Ningún romance me ha emocionado como la moda. Nadie me ha hecho temblar las rodillas como conseguir el vestido de piscina Everly de Alémais de Katherine Ratliff, agotado, tras un restock sorpresa. Ninguna obra de arte iguala la emoción de una confirmación de ApplePay por un vestido de cuero de Khaite o la colaboración Simone Rocha x Crocs. Esa euforia me asombra, especialmente después de años de esconderme. Y el hecho de que mi guardarropa siga expandiéndose —ahora incluyendo vestidos sin espalda— es aún mejor.
Intento apoyar a diseñadores que priorizan la inclusividad de tallas —los que eligen elásticos sobre costuras rígidas. No espero que se adapten a mí (son artistas, al fin y al cabo), pero duele cuando me enamoro de un vestido con cremallera trasera que no puedo usar —uno que me habría quedado si fuera de ponerse. Quizá algún día más diseñadores considerarán cuerpos diversos. Hasta entonces, compraré lo que funcione e invertiré en marcas que lo hagan. Algunos diseñadores realmente piensan en personas reales, mientras que otros que hacen ropa de "talla única" pueden simplemente desaparecer.
A los 48, no soy joven, delgada o lo que la sociedad considera "normal" —y está bien. Probablemente no soy a quien muchos diseñadores imaginan cuando dibujan sus creaciones. Pero no me importa. Lo que uso se reduce a una pregunta: ¿Quiero esto en mi cuerpo, sin importar lo que piensen los demás? Gracias a mi increíble madre, que me enseñó desde temprano a amar la moda, la respuesta siempre es sí.
Hubo un tiempo en que incluso la palabra "espalda" podía alterarme. Una sugerencia simple como "Volvamos a ese bar" podía ponerme tensa —cualquier cosa que resaltara mi rasgo más visiblemente diferente se sentía como un riesgo. La yo más joven nunca habría creído que la yo adulta no solo diría la palabra, sino que la mostraría con orgullo.

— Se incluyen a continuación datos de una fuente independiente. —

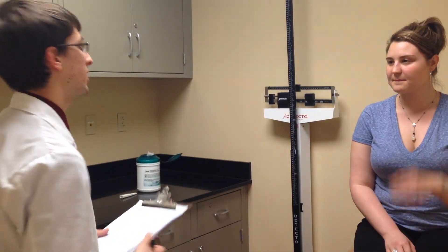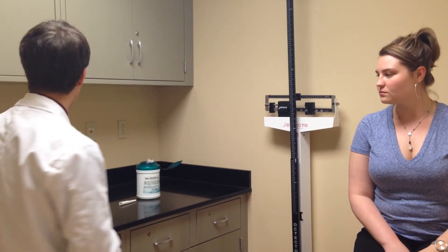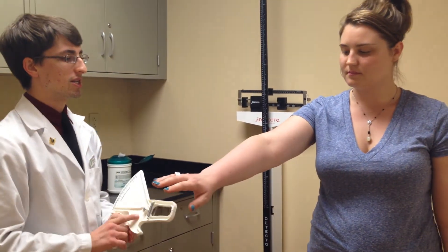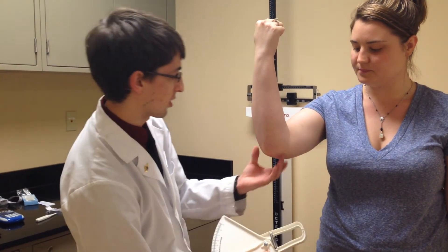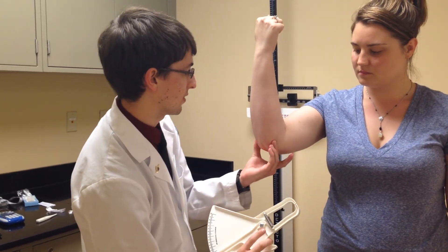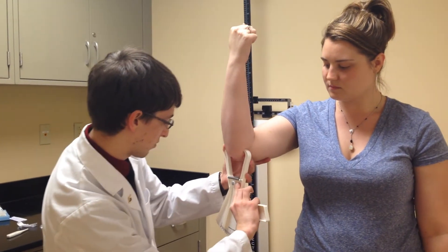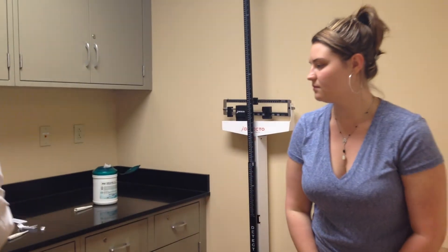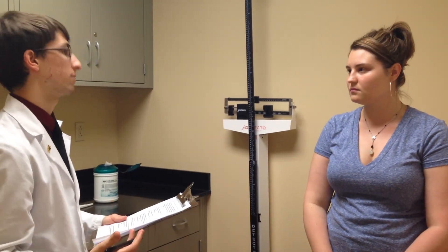What I'm going to do now is measure your elbow breadth, which will give me an idea of your bone frame size — small, medium, or large. Can you stand up and extend your right arm, then bend it at a 90-degree angle? I'm going to locate the epicondyles of your elbow — these bony protrusions right here — and measure with the caliper. That's 63 millimeters, or 6.3 centimeters, which puts you in the medium frame category.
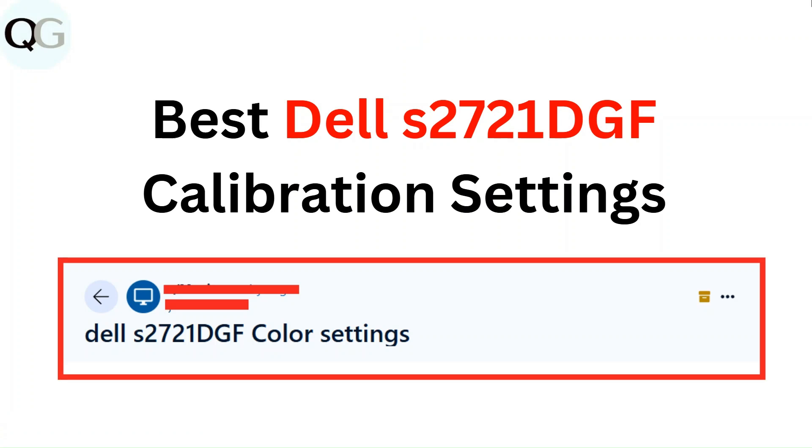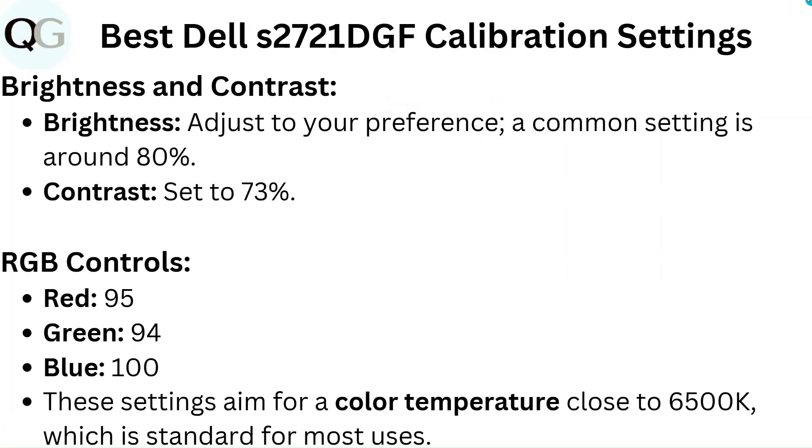Hello everyone, in this video you are going to learn about best Dell S2721 DGF calibration settings.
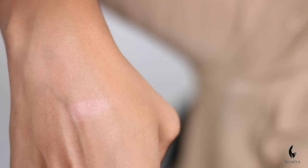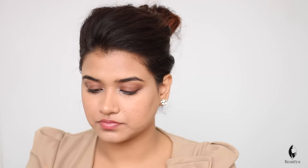First of all, if you have any blush, check the pigment. If you take one finger and it has enough amount, it means that the pigment is medium — it is not much. If it comes out a lot, you have to start with a little amount. After that, you can build up your color, but you have to start with a little amount.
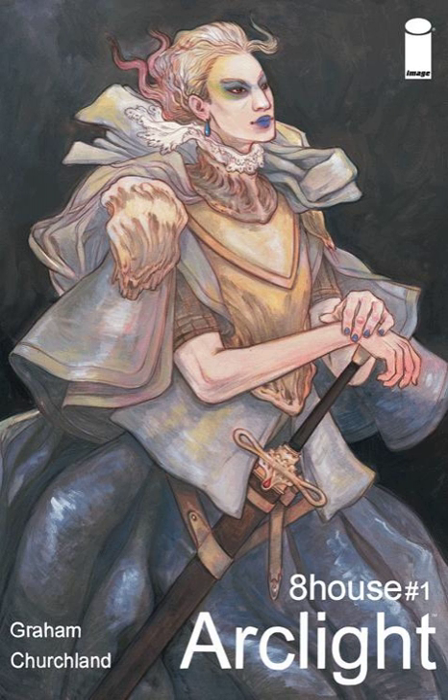Brandon Graham has the Island Anthology magazine through Image, he's worked on Prophet, Multiple Warheads, and all that. So definitely check those out if you enjoyed those, or if you just want something new, this is a really cool sci-fi story — definitely check it out.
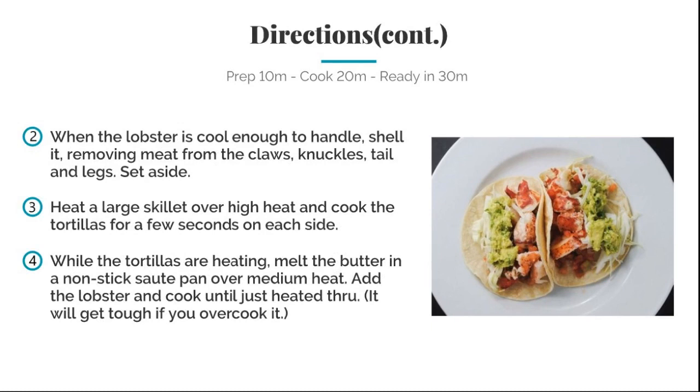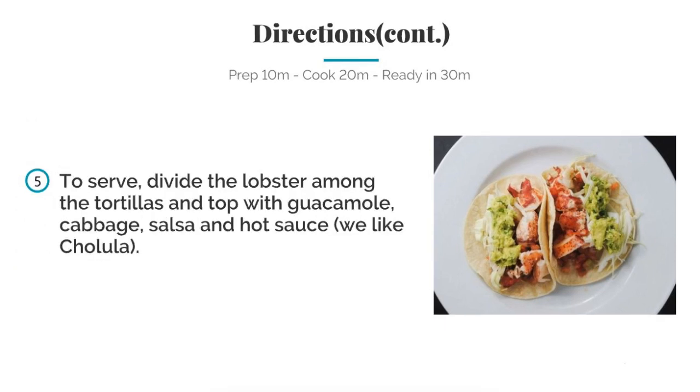When lobsters are cool enough to handle, shell it — remove the meat from the claws, knuckles, tails, and legs — and set aside. Heat a large skillet over high heat and cook the tortillas for a second on each side. While the tortillas are heating, melt butter in a non-stick sauté pan over medium heat, add the lobster, and cook until just heated through — it will get tough if you overcook it. Serve the lobster among the tortillas and top with guacamole, cabbage, salsa, and hot sauce.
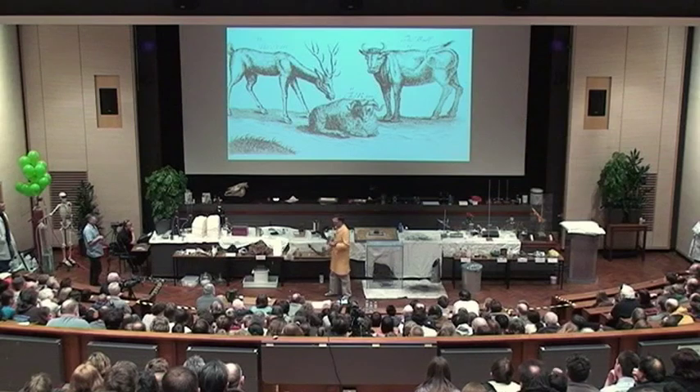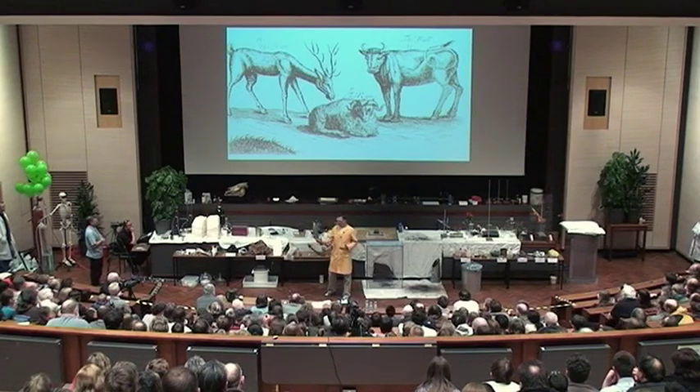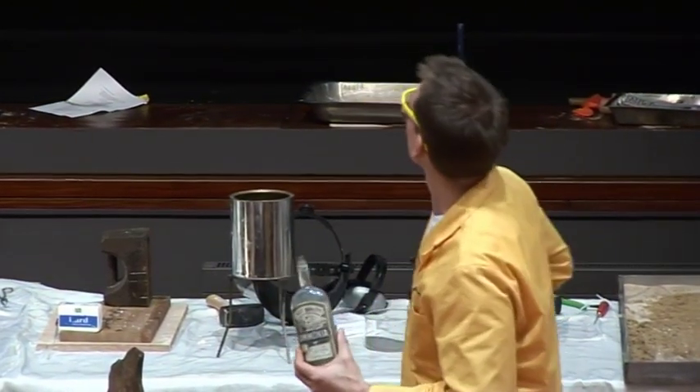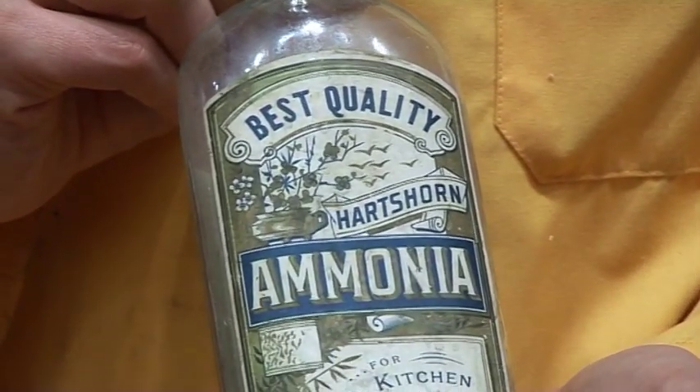We tried this — we heated this up — and what you get out of this, they used to call it spirit of hart's horn, because that's what you started from, some hart's horn. In fact, this bottle that I have here is quite an old bottle, and it says 'best quality hart's horn ammonia.' So this was entirely natural-ish, if you think distilling antlers is natural.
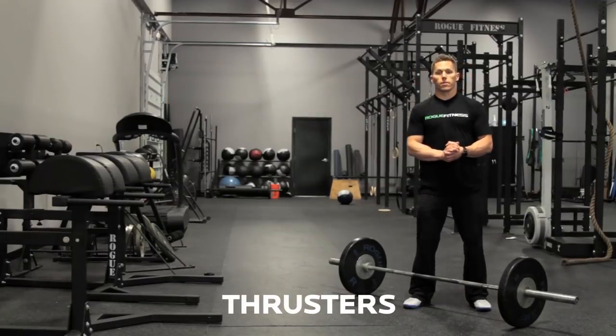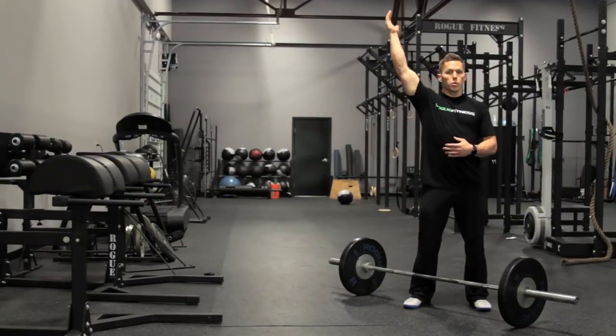We're at Rogue HQ and we're going to do some thrusters. Thrusters is simply a front squat to a push press where we lock out overhead.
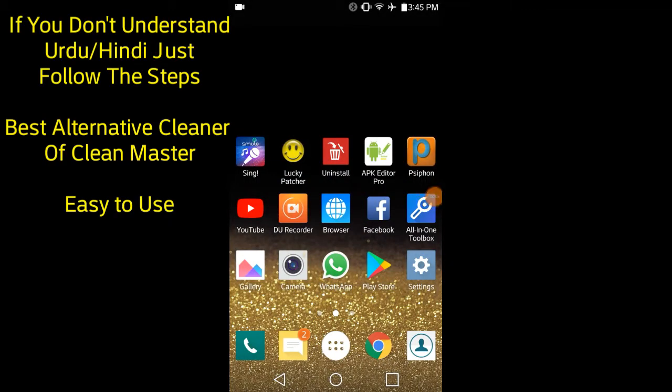Assalamualaikum friends, welcome to my channel. In today's video I will tell you about this app which felt very good — similar to Clean Master. Its space also reduced. I personally felt very good with Clean Master and its functions are the same.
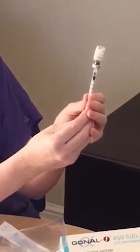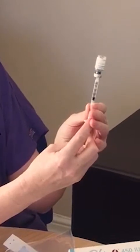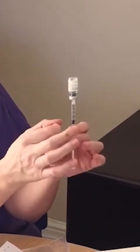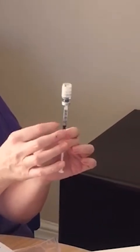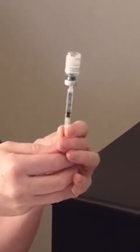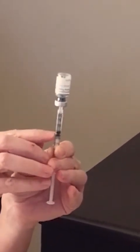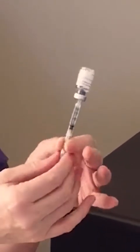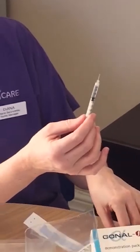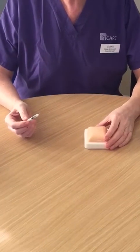Pull down on your syringe and we would recommend you go slightly past your dose. Tap your syringe so that any air bubbles come back up, and then push so that the top of the black syringe bung here is in line with the dose. You are now ready to administer your dose of Gonal-F.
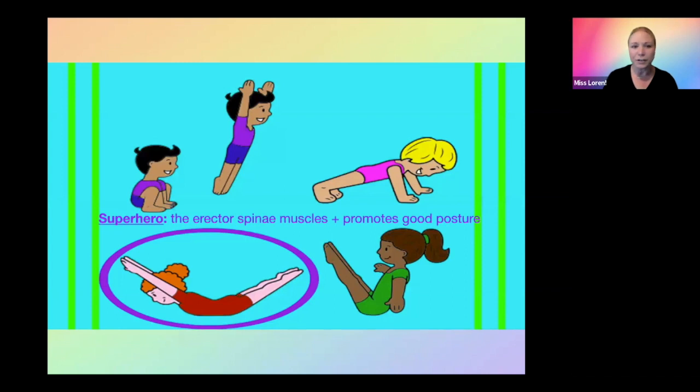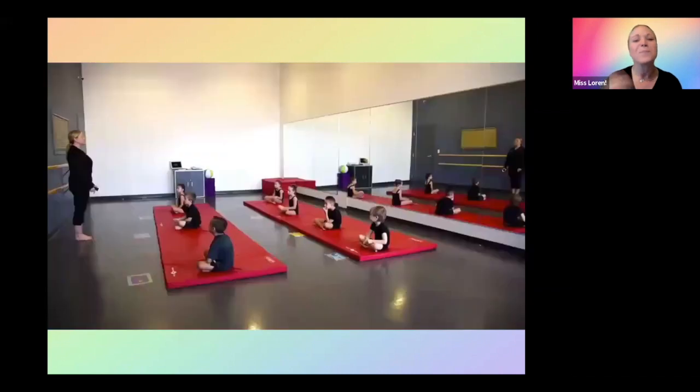Next, we have superhero. Superhero works the erector spinae muscles, which is basically the length of the back, and it also promotes good posture. So let's see what we have for superhero. This is our circuit, so you will see more than superhero in this circuit. They each have a different station card in front of them. The one in the middle at the front is the superhero station. I'll play the video so you can watch how we do a circuit. This one is quick for video purposes — I would normally have the preschoolers doing 10 to 15 seconds at each station.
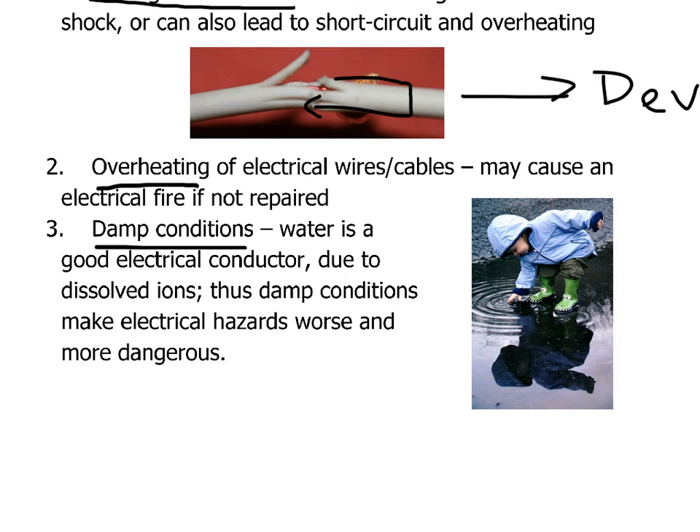That's it for the basics of electrical safety. In the next video, we want to talk about how you can use fuses and circuit breakers to be even more safe in all kinds of situations. Thanks for watching. See you next time.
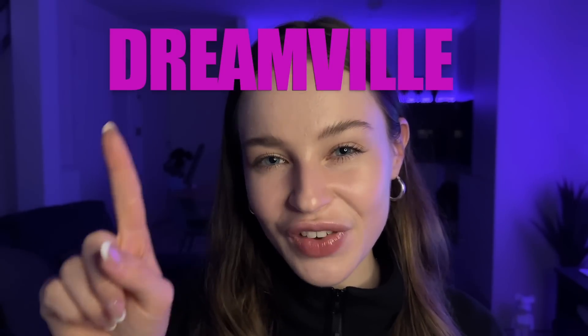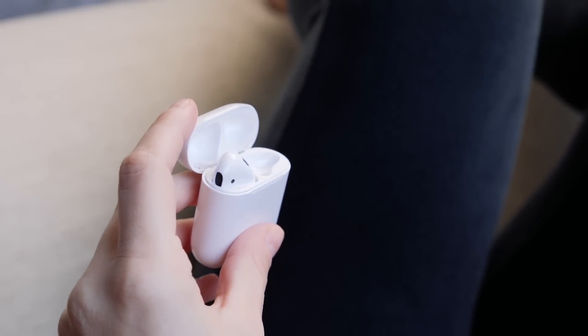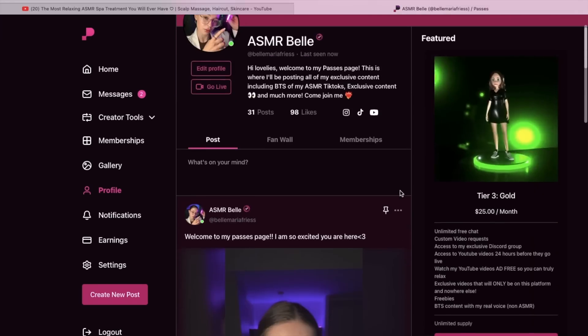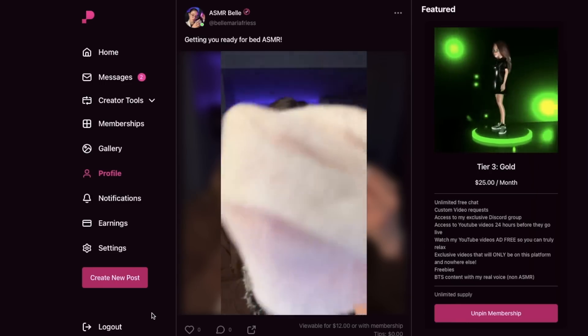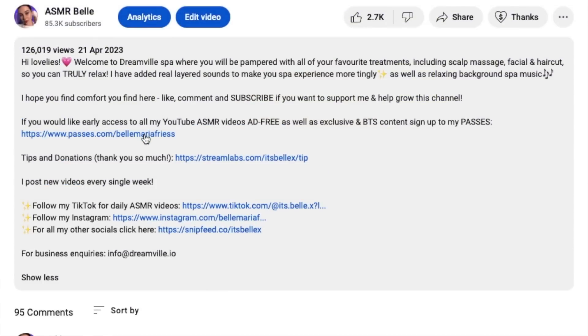Hey, welcome to Dreamville. If you're looking to relax, unwind, and get the best sleep you've ever had, you're in the right place. If you want to be a member of my community, where you will have access to all my videos without any annoying ads, exclusive content, chat to me directly, and much more, sign up to my Passes account — the link is in the description below. But for now, sit back, relax, and let's get into the video.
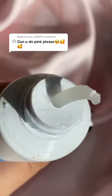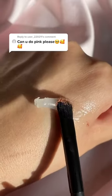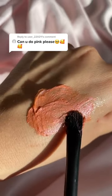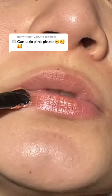Coming right up. So I grabbed a bit of this pink shadow — I know it looks a little bit orange on camera, I promise it's pink — and I started to mix that with a bit of petroleum jelly. Then I just added that to my lips using a makeup brush, and this is the result.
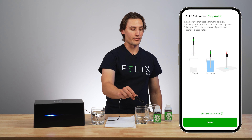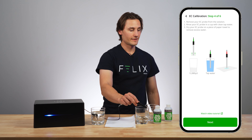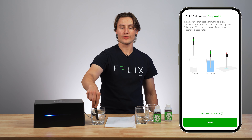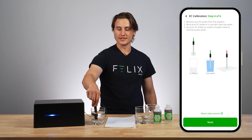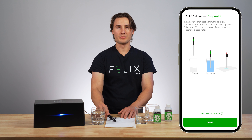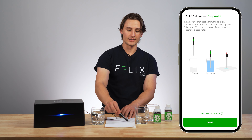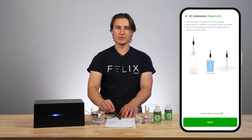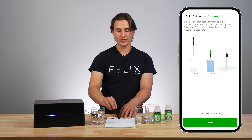Now I can remove my probe from the liquid. I'm going to rinse it in a cup of clean tap water — this is really important, rinse it really really well. And then I'm going to dry off any excess water on a piece of paper towel, just lightly tapping it. It's important that it is dry because this will affect your calibration solution.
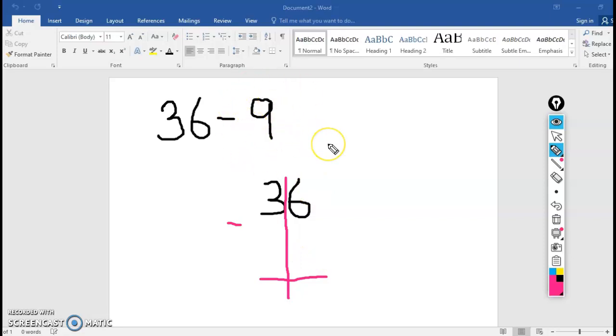Now I need to write the second number, 9. Which side should I put 9 on? Is that 9 tens or 9 ones? Write it on your paper — where does it go? That's 9 ones, so I'm going to put it here in the ones place underneath the 6. Now I'm going to ignore the tens for just a second and read the ones place: 6 minus 9, because we always, always, always start in the ones place. I can't do 6 minus 9 — so I need to, say it with me, regroup.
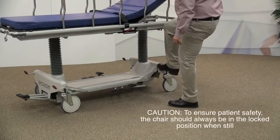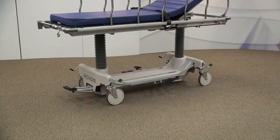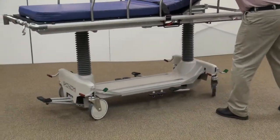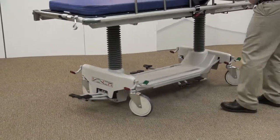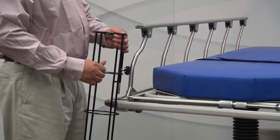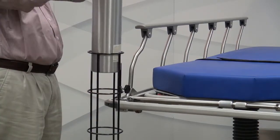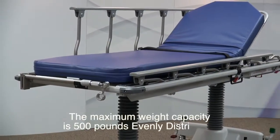Engaging the red pedal will lock all four casters. With the pedals parallel to the floor, the stretcher is in neutral, which will allow all four casters to pivot. The dual column base provides superior support for the stretcher. A vertical O2 tank holder can be installed to the base if needed. The Fluorotrack Stretcher has a maximum weight capacity of 500 pounds, evenly distributed.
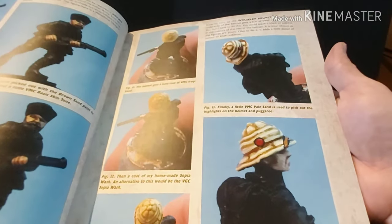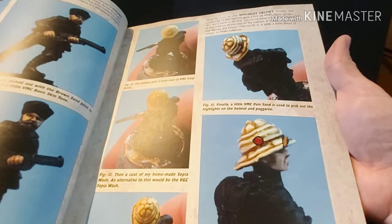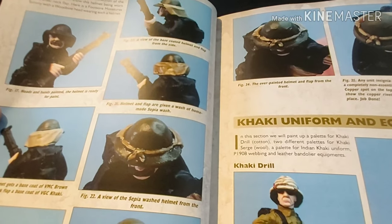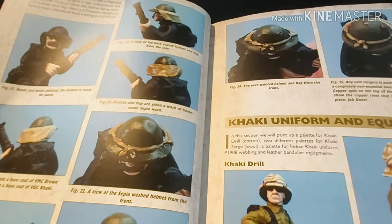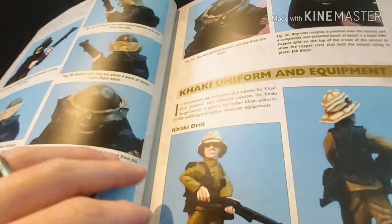Then we go on to helmets. This is a Wolseley helmet, used by the British and Dominion forces in that theatre — you'd probably think of it as a pith helmet, but no, it's a Wolseley helmet. There we have the Brodie helmet with a khaki cloth neck cover. And it gives you a painting guide for that, then we move to khaki uniform equipment.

No trato mi cuerpo como un templo o un monasterio. Es un salón de fiestas, un espacio para decorar, un regalo para envolver en lazos, estampados, cuero y encajes —no algo para esconder bajo tela opaca y sin forma. Mi cuerpo es un recipiente que amo, y que me ama de vuelta. Cada nuevo día es un regalo, y quienes me ven tienen suerte de presenciarlo —así que seguiré vistiéndome como el presente que soy mientras pueda.
El libro de memorias de Carla Sosenko, Me veré tan fabulosa en un ataúd: Y otros pensamientos que solía tener sobre mi cuerpo, ya está disponible por The Dial Press.